* Task statement: Copy out all the lines in the records that include the word "Sunglasses".

Records from a collection:
_____
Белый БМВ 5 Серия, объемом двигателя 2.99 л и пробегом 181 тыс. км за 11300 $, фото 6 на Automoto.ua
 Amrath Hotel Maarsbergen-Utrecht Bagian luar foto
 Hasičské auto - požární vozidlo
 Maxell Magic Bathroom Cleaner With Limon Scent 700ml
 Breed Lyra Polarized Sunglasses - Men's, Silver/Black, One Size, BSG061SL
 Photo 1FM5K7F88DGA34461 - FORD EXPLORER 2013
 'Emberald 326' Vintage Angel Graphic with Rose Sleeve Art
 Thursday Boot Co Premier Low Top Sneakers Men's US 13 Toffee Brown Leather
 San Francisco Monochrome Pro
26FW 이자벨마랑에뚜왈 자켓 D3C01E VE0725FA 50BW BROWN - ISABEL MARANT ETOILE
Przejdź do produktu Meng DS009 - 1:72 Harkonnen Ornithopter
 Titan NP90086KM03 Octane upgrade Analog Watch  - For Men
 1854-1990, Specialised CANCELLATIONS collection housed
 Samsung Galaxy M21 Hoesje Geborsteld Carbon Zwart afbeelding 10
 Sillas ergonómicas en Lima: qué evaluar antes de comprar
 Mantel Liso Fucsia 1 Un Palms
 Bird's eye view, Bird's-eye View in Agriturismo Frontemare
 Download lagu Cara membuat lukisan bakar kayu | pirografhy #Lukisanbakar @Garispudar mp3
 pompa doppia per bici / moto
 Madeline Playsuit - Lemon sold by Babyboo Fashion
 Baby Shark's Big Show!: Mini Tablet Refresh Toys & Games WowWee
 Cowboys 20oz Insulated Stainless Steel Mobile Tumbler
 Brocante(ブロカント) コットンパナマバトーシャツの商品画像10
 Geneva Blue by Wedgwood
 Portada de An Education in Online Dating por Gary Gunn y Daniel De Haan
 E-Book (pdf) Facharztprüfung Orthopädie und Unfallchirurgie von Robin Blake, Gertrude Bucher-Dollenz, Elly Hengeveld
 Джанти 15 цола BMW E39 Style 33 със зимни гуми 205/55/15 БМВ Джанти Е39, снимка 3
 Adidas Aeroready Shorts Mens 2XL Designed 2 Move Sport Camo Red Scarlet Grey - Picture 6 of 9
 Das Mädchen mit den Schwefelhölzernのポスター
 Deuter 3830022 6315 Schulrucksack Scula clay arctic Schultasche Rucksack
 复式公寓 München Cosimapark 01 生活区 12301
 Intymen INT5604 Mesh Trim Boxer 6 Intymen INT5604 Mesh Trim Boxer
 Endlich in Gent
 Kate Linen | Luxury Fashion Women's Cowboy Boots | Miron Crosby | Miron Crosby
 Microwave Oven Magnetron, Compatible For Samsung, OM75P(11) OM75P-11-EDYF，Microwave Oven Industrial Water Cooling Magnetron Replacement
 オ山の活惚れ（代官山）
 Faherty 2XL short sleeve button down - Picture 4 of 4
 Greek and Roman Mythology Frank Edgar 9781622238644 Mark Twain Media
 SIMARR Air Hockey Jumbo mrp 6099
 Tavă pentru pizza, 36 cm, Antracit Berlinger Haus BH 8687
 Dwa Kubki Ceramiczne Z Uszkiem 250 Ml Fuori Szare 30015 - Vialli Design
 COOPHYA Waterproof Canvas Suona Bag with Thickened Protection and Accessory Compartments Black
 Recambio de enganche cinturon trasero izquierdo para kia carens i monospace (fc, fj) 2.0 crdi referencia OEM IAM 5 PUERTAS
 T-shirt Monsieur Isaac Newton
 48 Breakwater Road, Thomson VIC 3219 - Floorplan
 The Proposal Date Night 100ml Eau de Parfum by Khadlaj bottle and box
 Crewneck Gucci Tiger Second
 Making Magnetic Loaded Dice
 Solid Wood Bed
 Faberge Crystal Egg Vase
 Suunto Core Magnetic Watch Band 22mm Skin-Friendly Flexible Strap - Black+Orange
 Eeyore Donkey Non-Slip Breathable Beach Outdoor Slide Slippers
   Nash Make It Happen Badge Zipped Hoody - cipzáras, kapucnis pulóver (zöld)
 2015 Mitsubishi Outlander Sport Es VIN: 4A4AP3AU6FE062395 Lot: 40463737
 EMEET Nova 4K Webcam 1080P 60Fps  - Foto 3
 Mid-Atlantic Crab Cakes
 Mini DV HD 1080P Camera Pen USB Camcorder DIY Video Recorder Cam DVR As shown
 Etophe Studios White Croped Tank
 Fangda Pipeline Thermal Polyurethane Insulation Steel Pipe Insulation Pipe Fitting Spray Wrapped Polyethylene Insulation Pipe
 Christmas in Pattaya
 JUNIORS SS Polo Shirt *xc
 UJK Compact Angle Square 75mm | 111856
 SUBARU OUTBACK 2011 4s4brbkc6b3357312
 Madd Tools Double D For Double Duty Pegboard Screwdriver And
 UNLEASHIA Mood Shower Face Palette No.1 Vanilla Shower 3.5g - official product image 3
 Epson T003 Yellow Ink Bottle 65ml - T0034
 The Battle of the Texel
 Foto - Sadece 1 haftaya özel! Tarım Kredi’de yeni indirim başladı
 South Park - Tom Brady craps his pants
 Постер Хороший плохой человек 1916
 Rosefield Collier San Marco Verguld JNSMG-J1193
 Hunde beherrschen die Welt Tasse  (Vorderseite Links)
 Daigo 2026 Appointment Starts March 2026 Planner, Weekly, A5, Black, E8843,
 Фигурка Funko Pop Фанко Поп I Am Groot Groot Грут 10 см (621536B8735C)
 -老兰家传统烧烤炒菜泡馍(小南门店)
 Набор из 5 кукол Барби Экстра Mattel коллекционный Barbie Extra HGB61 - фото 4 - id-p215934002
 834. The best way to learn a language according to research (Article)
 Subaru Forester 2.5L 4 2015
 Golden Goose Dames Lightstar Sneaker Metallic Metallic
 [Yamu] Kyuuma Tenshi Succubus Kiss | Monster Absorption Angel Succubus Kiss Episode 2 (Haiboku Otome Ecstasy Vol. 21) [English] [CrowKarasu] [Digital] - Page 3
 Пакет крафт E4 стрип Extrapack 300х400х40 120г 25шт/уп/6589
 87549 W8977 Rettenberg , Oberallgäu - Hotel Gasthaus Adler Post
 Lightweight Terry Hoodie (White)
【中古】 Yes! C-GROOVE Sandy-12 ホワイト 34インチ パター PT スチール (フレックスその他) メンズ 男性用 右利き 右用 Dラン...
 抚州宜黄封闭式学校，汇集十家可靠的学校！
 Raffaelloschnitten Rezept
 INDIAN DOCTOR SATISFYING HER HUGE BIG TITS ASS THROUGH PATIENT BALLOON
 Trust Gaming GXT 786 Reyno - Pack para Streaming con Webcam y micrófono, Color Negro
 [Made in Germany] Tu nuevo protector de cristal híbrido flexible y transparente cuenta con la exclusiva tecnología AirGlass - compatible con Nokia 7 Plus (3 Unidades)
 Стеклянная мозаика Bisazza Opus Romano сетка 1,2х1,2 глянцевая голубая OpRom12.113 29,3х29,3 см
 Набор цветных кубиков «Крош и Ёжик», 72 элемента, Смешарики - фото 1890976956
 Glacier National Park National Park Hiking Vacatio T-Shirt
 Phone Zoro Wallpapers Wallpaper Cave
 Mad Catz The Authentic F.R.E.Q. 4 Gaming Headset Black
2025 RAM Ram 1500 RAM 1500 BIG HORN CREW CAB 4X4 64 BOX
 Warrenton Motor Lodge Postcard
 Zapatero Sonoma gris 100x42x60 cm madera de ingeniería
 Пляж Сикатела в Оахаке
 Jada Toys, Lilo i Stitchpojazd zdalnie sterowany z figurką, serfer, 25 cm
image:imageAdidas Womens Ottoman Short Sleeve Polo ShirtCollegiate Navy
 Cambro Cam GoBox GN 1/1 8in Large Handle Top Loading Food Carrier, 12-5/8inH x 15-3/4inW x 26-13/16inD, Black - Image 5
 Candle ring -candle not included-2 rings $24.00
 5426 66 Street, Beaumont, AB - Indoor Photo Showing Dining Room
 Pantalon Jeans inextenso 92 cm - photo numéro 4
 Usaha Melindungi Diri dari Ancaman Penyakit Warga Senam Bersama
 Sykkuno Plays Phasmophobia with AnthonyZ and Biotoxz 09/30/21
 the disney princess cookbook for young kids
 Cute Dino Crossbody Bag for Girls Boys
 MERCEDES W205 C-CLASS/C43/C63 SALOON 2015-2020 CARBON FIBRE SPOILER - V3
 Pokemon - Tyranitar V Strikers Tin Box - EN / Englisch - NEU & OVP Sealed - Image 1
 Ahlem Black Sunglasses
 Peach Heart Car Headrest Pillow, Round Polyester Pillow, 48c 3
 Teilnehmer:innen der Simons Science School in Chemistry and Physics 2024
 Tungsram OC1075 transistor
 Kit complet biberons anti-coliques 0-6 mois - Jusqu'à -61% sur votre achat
_____
* Output:
 Breed Lyra Polarized Sunglasses - Men's, Silver/Black, One Size, BSG061SL
 Ahlem Black Sunglasses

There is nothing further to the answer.